- Theatrical release poster
- Directed by: G. Krishnan Balasubrmai
- Produced by: C. Saravanan T. R. Sevugan
- Starring: Sathish; Amala Paul; Vrichika Kanth; Pechi; Irshadh;
- Cinematography: Mafoo Anandh
- Edited by: P. Sai Suresh
- Music by: Radhan
- Production company: ABC Studios
- Release date: 22 April 2011;
- Country: India
- Language: Tamil

= Vikadakavi =

Vikadakavi is a 2011 Indian Tamil-language comedy film directed by G. Krishnan, a former sound engineer. It stars debutant Sathish, Amala Paul, Vrichika Kanth, Pechi and Irshadh in the lead roles.
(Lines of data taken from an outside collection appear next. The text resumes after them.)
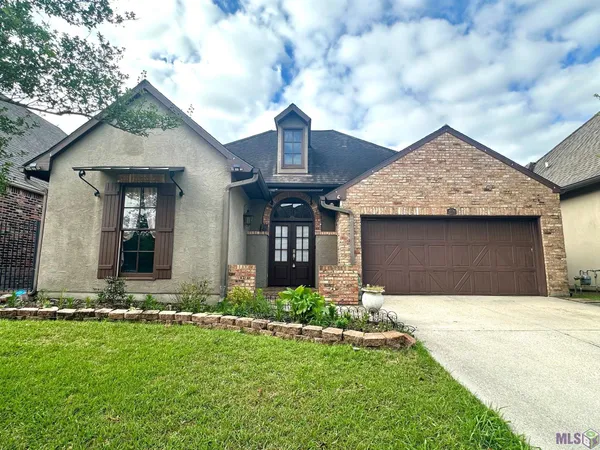 $2,300 | 39339 Magazine Avenue, Gonzales, LA 70737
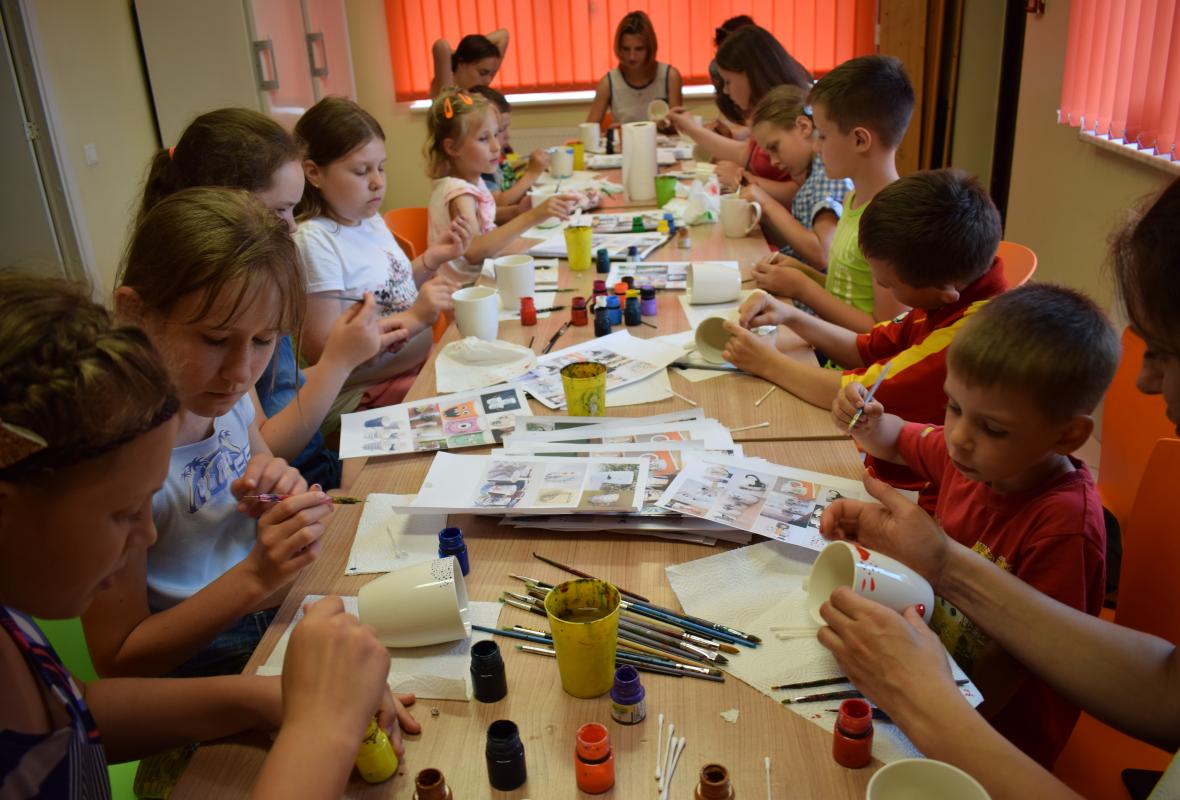 2019 06 09 Viršglazūrinis piešimas ant arbatos puodelių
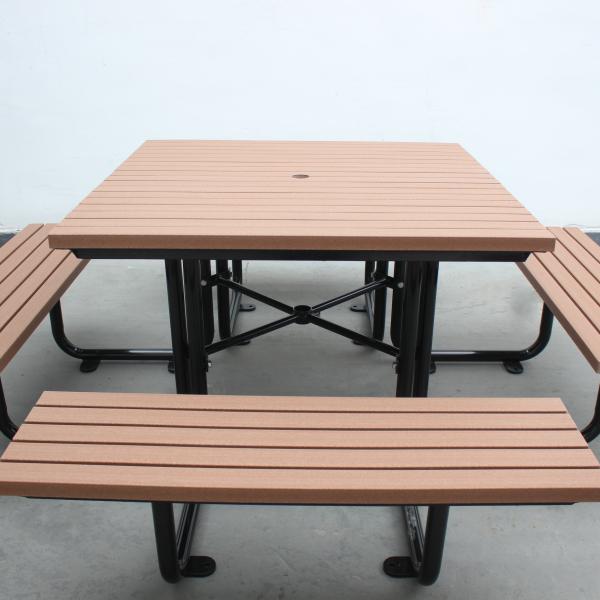 Пикник стол с четырьмя скамейками Мягкая стальная рама с переработанным пластиковым деревом / HDPE сланцами
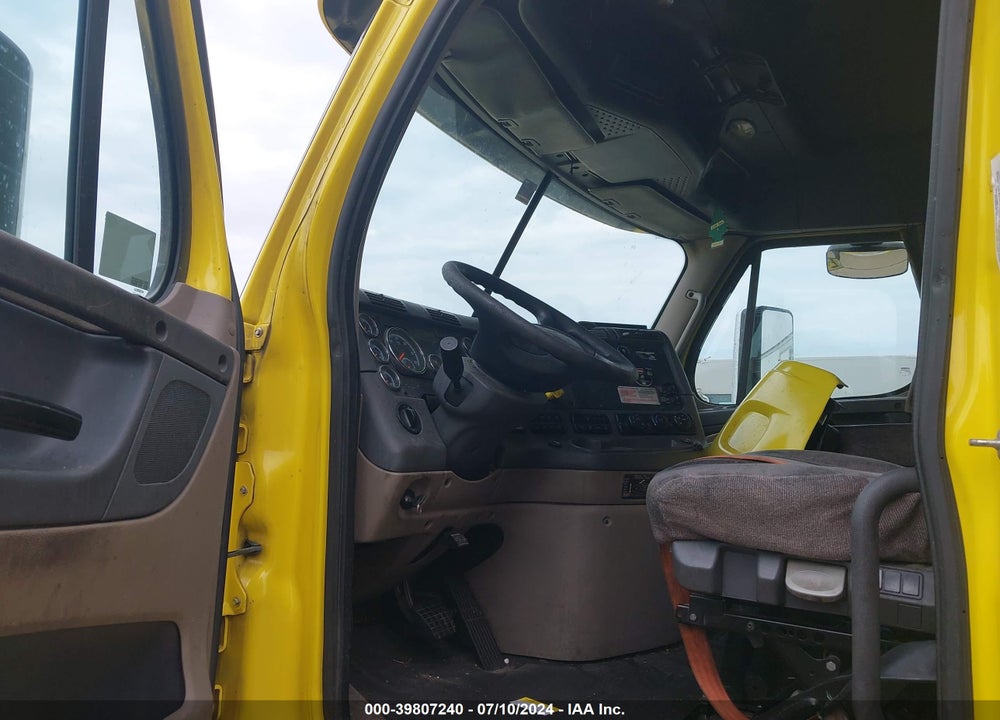 2016 FREIGHTLINER CASCADIA 125 VIN: 1FUJGLDR3GLHE1978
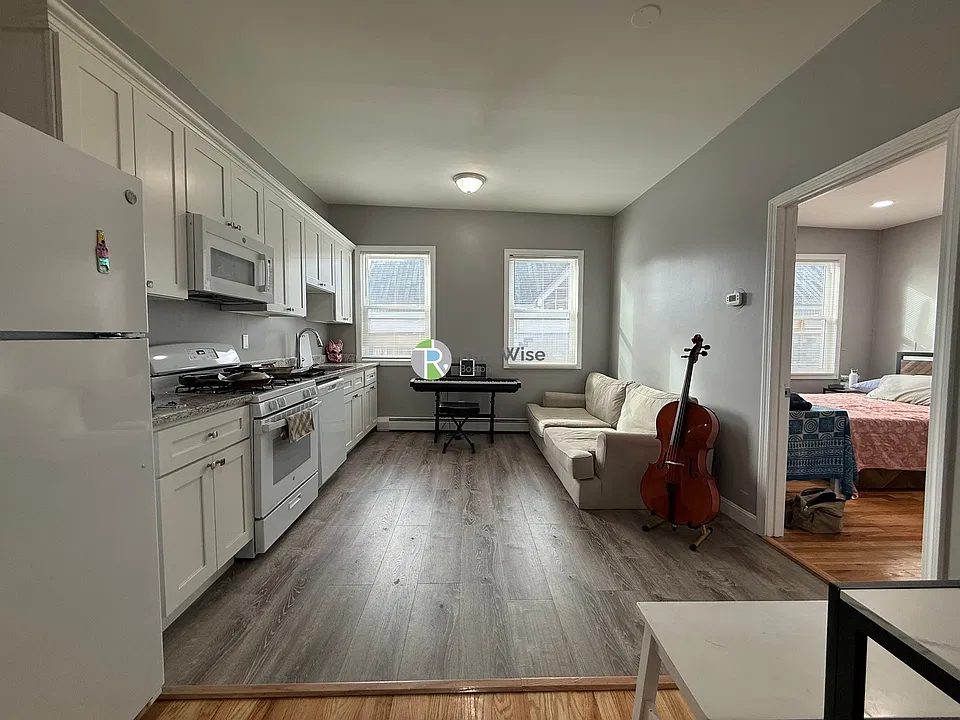 559 Dorchester Ave #2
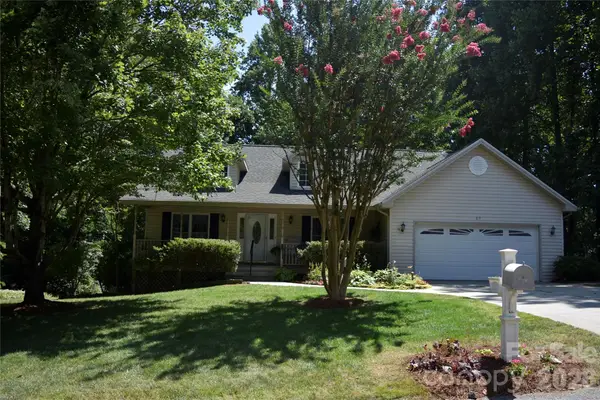 69 Red Cedar Drive, Hendersonville, NC 28792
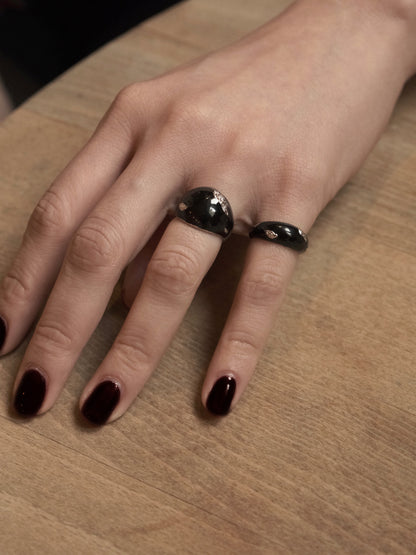 CURVED BLACK ENAMEL RING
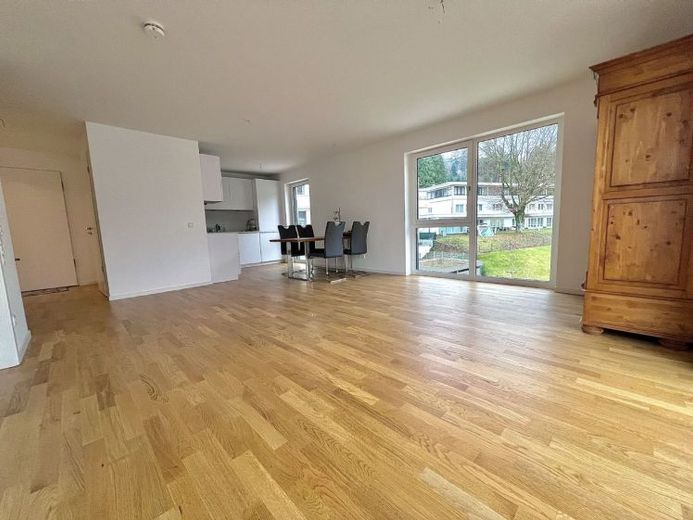 Moderne 2 Zimmer NB Wohnung mit EBK und TG – Foto 1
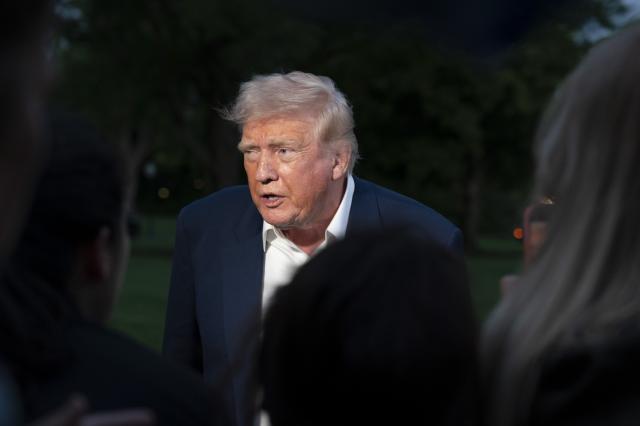 Democratas condenam ameaça de Trump de pena de morte a congressistas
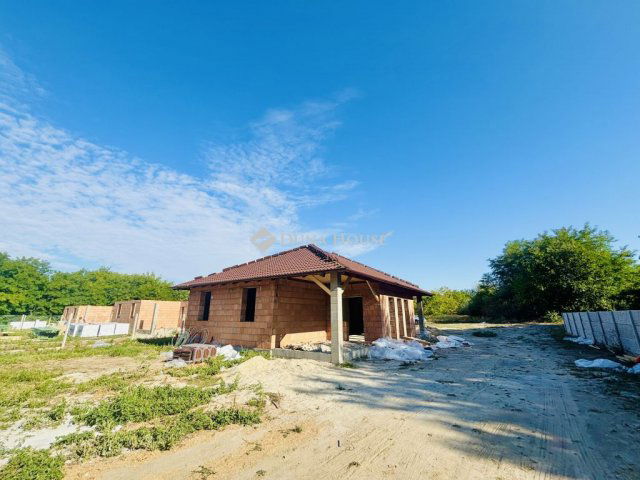 Eladó családi ház, Kiskunlacházán 85 M Ft, 4 szobás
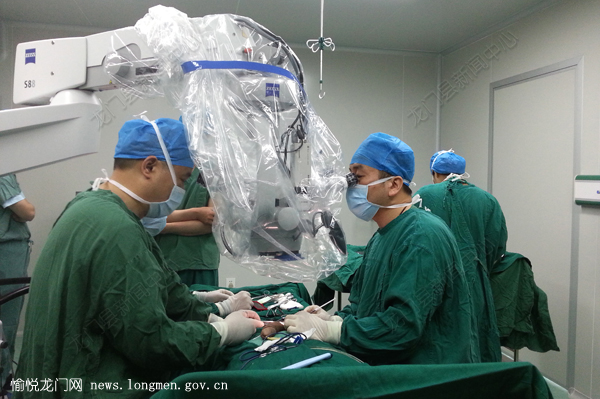 县人民医院手术科启用先进的显微镜并成功实施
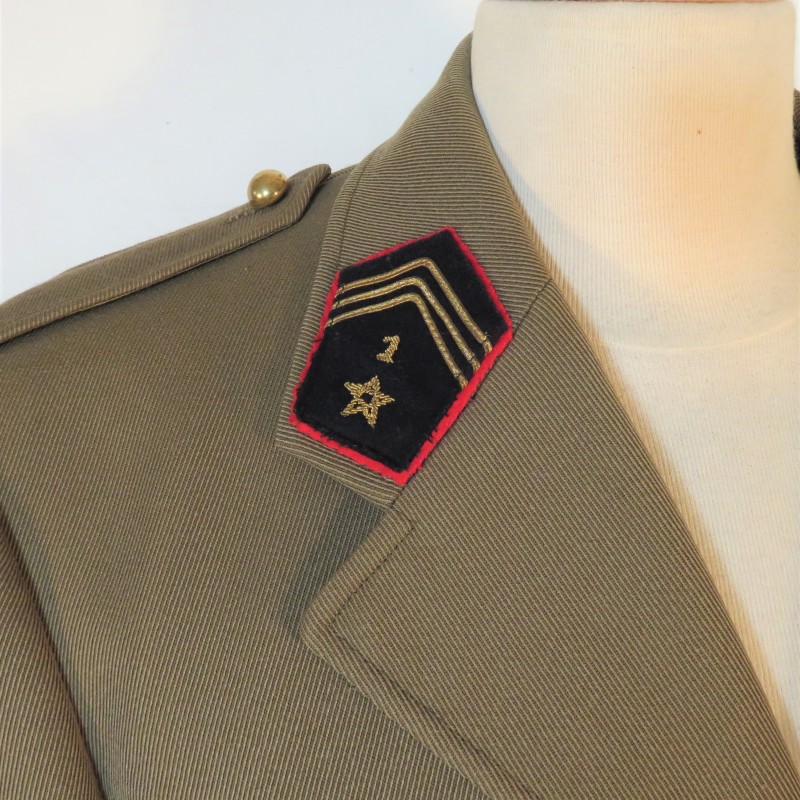 TENUE UNIFORME DU 1 er REGIMENT DE SPAHIS 6 ème DLB VESTE ET PANTALON ANNEES 1960-70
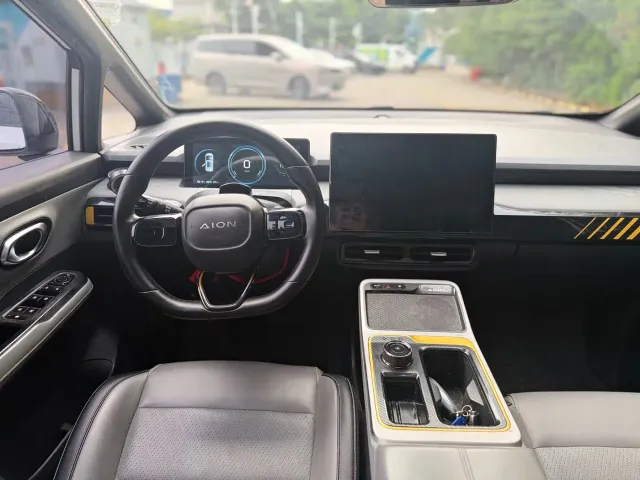 GAC Aion Y — Фото автомобиля 11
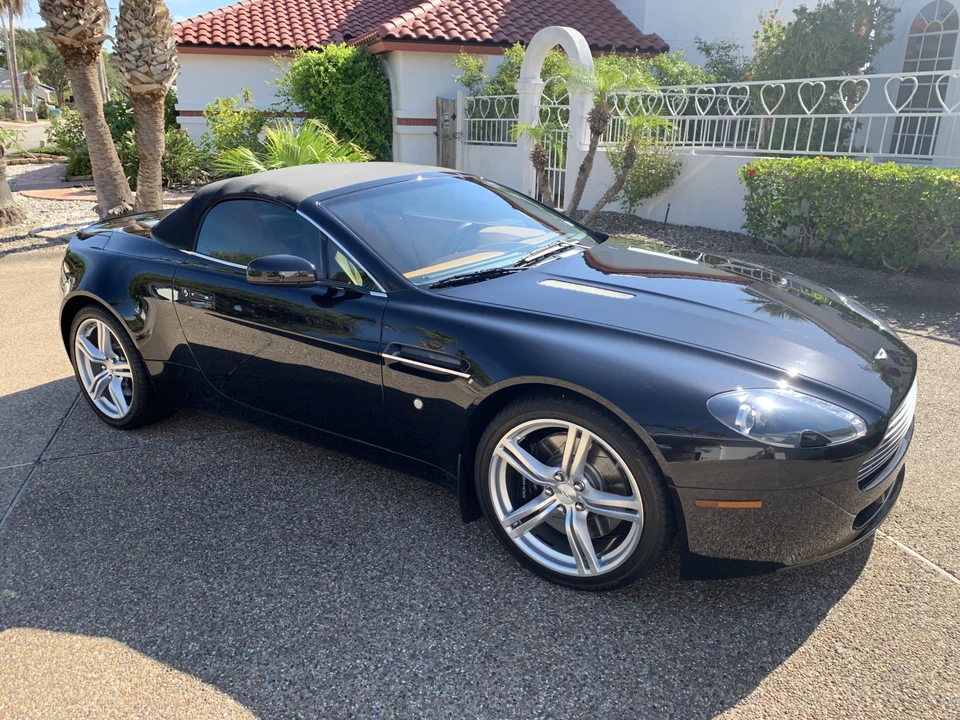 2009 Aston Martin V8 Vantage (2006-2017) - Image 26 of 31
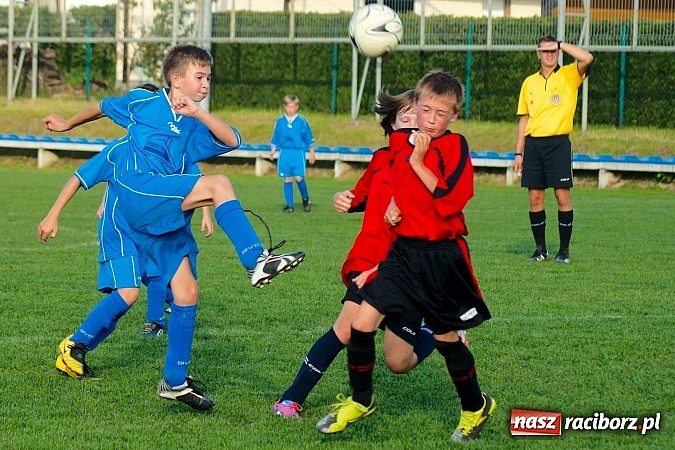 Zdjęcie w galerii na portalu naszraciborz.pl: Młodziki Nędzy lepsze w Markowicach. Kapitan pokazał jak strzelać wiadomości z regionu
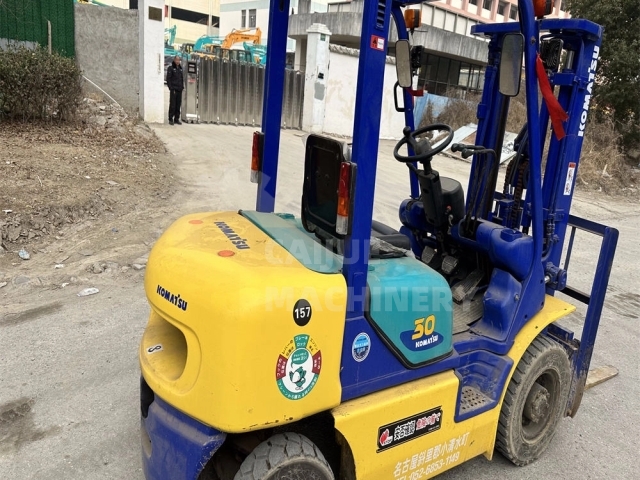 Hight Quality 3 Ton 3000mm Mast Height Perfect Working Condition Second-hand Japan Original Used Komatsu FD30T-14 Diesel Forklift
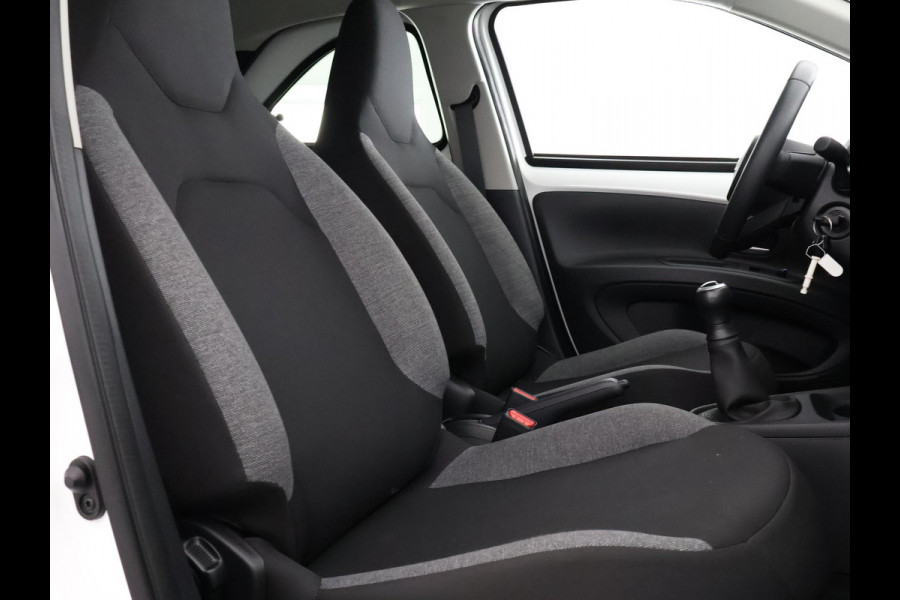 Toyota Aygo X 1.0 VVT-i MT Play Sport | Apple Carplay & AndroidAUTO | Airco | Camera | Privacy Glass |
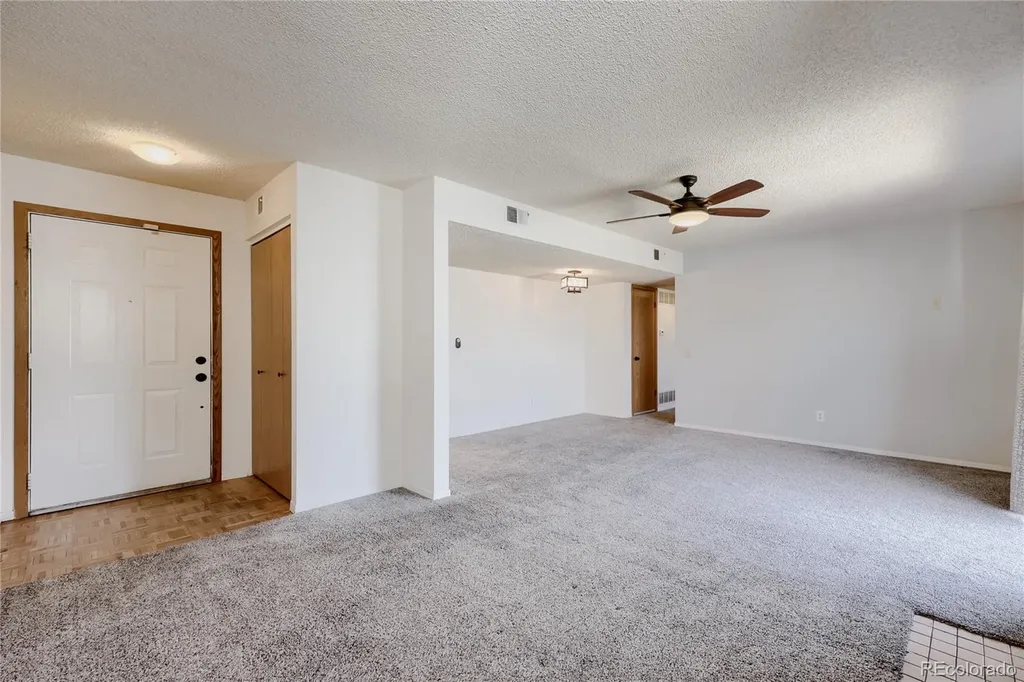 1302 S Cathay Court Aurora CO 80017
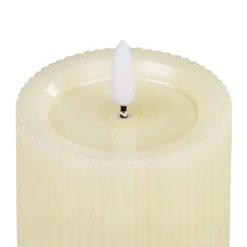 Candela Avorio a Coste per uso esterno, h 15 cm, Ø 7,5cm, fiamma 3D con stoppino ed effetto cera sciolta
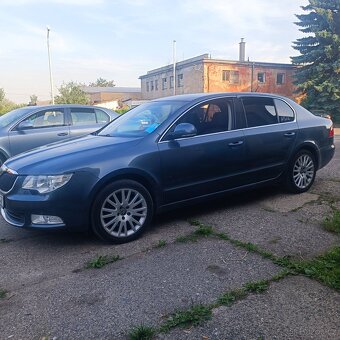 Škoda Superb s ručním ovládáním pro invalidy - 2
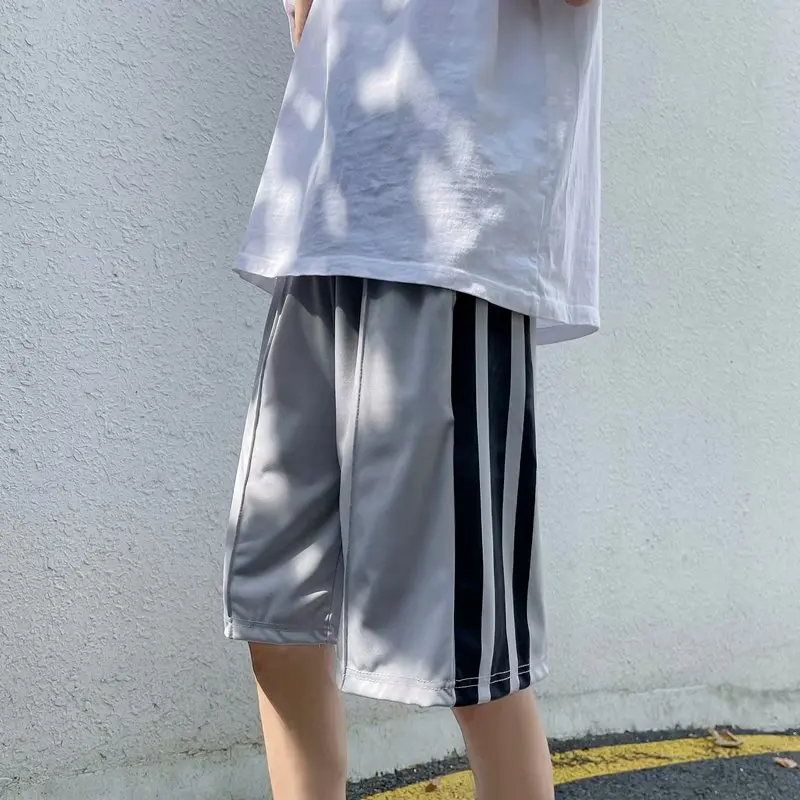 

Summer shorts men's black loose five-point mid-pants Hong Kong style trend boys thin outer wear sports casual pants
A low-budget production, the film was released on 22 April 2011.

==Plot==

Five friends in a village give the other villagers a hard time.

==Cast==
- Sathish as Vinod
- Amala Paul as Kavitha
- Vrichika Kanth as Karuna
- Pechi as Diana
- Irshadh as Virumaandi

==Production==
The film's title Vikadakavi references the five main characters: Vinod, Kavitha, Diana, Karuna and Virumaandi. Amala Paul worked on this film while in college. It was supposed to be her first Tamil film but faced delays, due to which her other Tamil films Veerasekaran, Mynaa and Sindhu Samaveli ended up releasing before.

==Soundtrack==
The soundtrack was composed by Radhan, in his debut.

Track listing
| No. | Title | Singer(s) | Length |
|---|---|---|---|
| 1. | "Samsakkadi" | G. Krishna |  |
| 2. | "Yen Indha Mounam" | Rocky, Bhargavi |  |
| 3. | "Edho Onnu" | Vineeth, Shemambiya |  |
| 4. | "Aadi Aadi" | Chitrasenan |  |
| 5. | "Vaanam Thaandum" | Gokul |  |

==Reception==
Malathi Rangarajan of The Hindu wrote, "It is obvious that Vikadakavi, made on a moderate budget, banks heavily on characterisation, dialogue and screenplay to make an impression. Krishnan, who has handled these departments, doesn't disappoint". The New Indian Express wrote, "Vikadakavi has no big names to boast of, but certainly exceeds the expectations from a debutant". Dinamalar praised the performances of the lead cast but criticised the background score and cinematography. Kungumam praised the film's story, humour and cast performances.